# REQUIRED WORK
Copy the data exactly; pictures stay out of the copy.

# RAW DATA
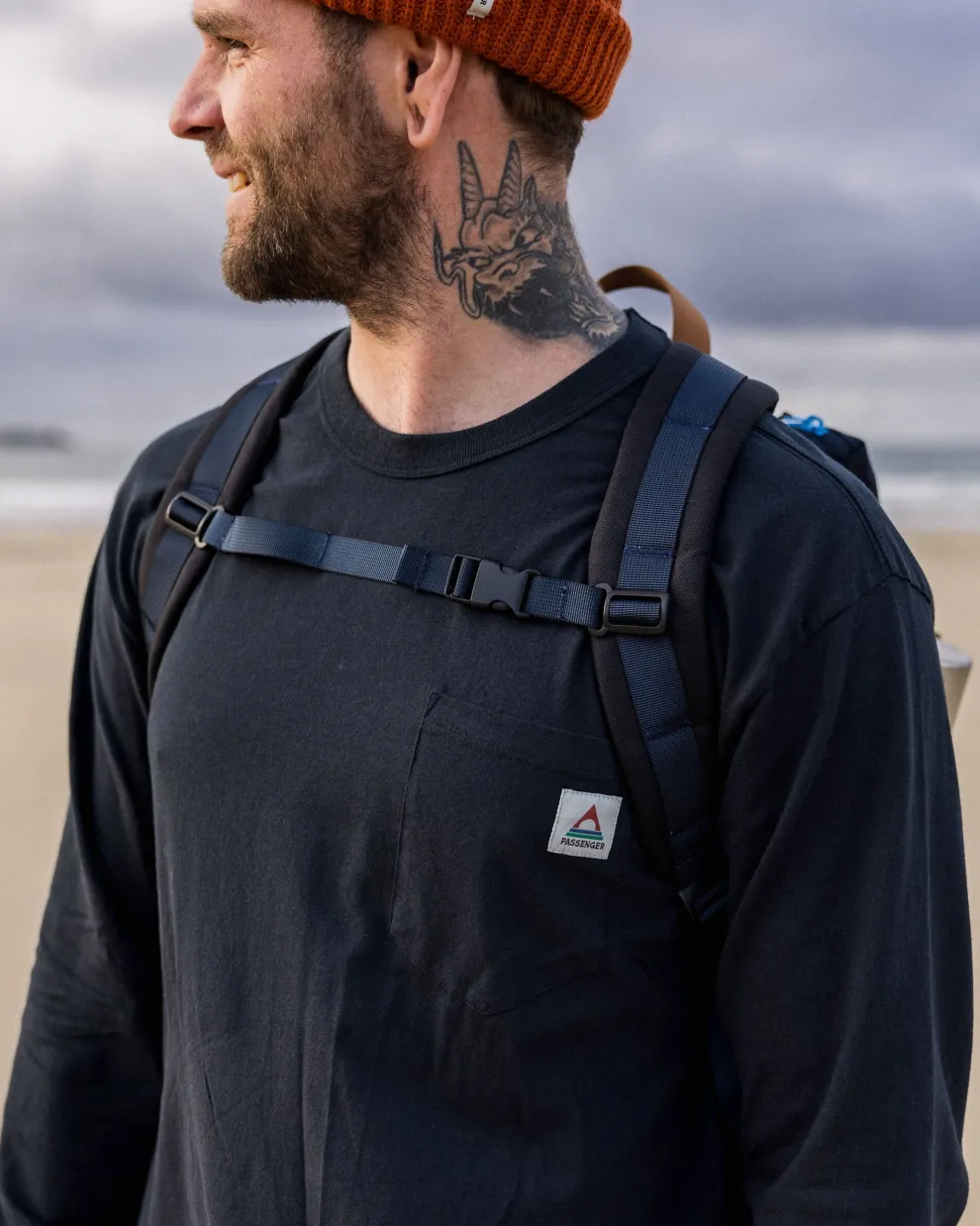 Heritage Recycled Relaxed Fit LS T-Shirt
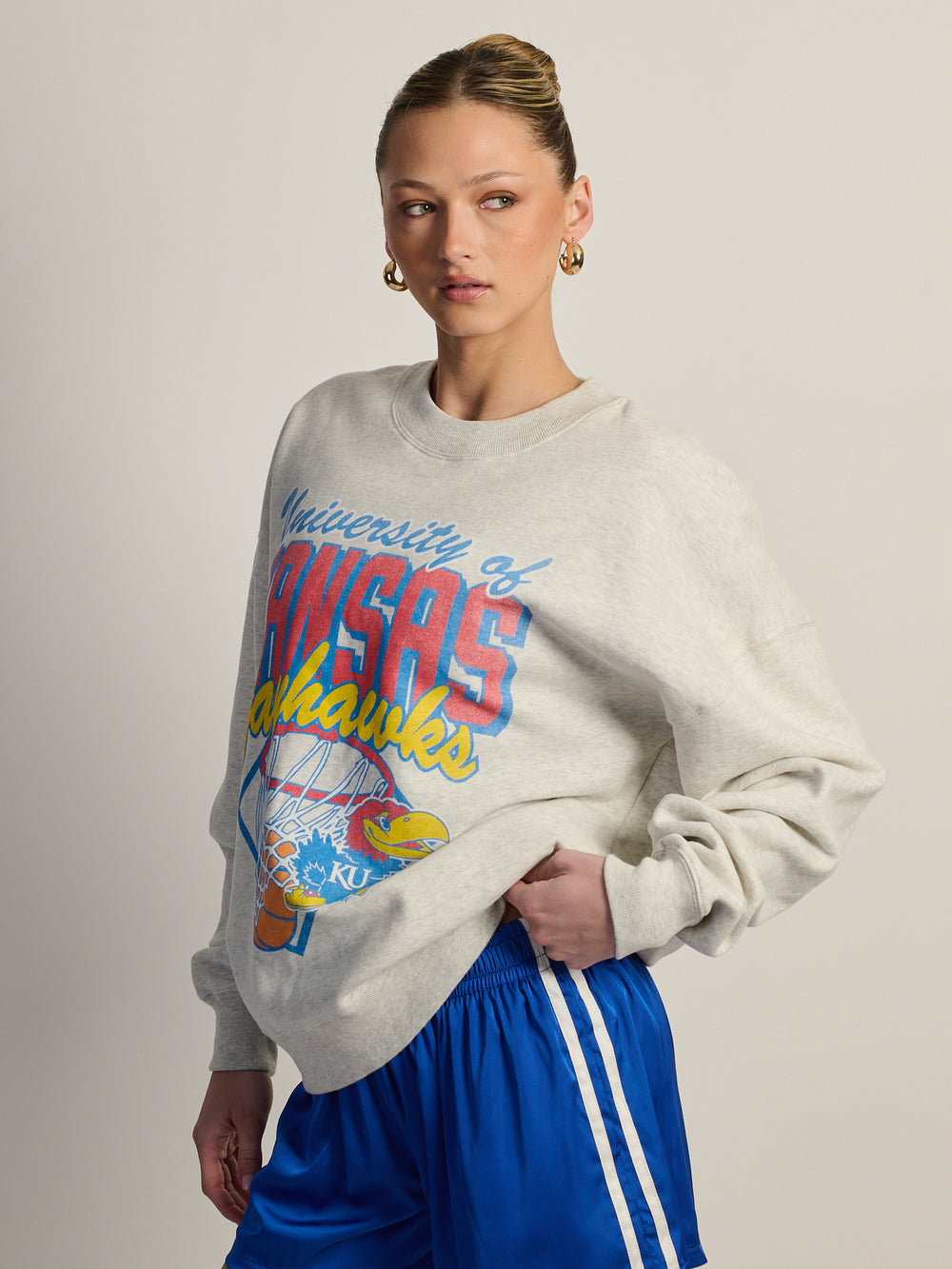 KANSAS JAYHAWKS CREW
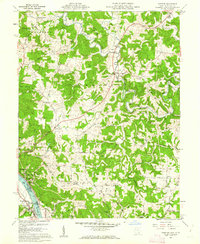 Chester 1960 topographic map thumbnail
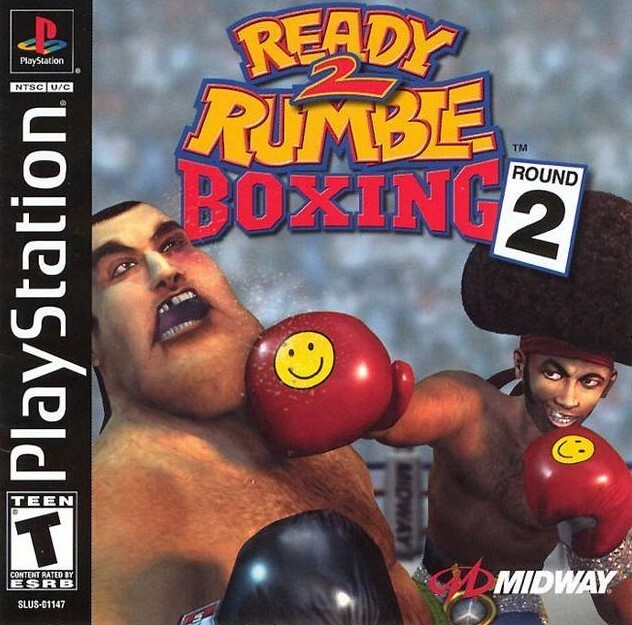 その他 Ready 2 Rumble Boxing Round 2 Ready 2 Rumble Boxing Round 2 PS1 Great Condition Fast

# ANSWER BELOW
 Heritage Recycled Relaxed Fit LS T-Shirt
 KANSAS JAYHAWKS CREW
 Chester 1960 topographic map thumbnail
 その他 Ready 2 Rumble Boxing Round 2 Ready 2 Rumble Boxing Round 2 PS1 Great Condition Fast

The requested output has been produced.